Quando “Hollywood Dick” e la moglie napoletana si trasferiscono nella casa bifamiliare di Dickie a Newark, iniziano ad intensificarsi vecchi dissapori familiari. Nivola continua: “Quando arrivano a casa, Dickie si innamora subito di Giuseppina. Dick inizia a picchiare la sua neo sposa, cosa che fa infuriare suo figlio. Alla fine Dickie, che in tutta la vita non ha mai affrontato suo padre ha un confronto con lui: spalanca il suo mondo e scatena ogni tipo di rabbia, inquietudine e risentimento, insieme a tutta la paura e il dolore che ha patito crescendo sotto il controllo di suo padre”.
Prima delle riprese, Liotta ha imparato un po’ del dialetto napoletano parlato da Giuseppina nella sceneggiatura. L’attore commenta: “Fortunatamente ho un amico che ha i genitori napoletani, e da piccolo gli hanno insegnato a parlarlo. È completamente diverso. Le cose che forse impieghiamo un minuto per dirle in una specie di italiano standard, possono uscire in dieci secondi. È stata una cosa interessante da fare e una bella sfida”.
Chase aggiunge: “Ray è interessante, divertente, spaventoso, simpatico, molto intelligente. È stato davvero un piacere vederlo lavorare”.
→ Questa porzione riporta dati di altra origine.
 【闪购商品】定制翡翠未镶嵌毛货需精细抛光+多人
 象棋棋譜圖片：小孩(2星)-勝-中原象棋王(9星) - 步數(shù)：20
Per ricoprire il ruolo di Giuseppina, la bellissima giovane donna che entra nella vita dei membri della famiglia Moltisanti e Soprano, i realizzatori hanno guardato all’Italia, dove hanno scoperto l’attrice romana Michela De Rossi, al suo debutto cinematografico americano. Chase afferma: “È piena di vita. Ha un istinto impeccabile: è arrivata e si è subito adattata a qualunque scena. Tornerei a lavorare con lei anche domani se potessi”.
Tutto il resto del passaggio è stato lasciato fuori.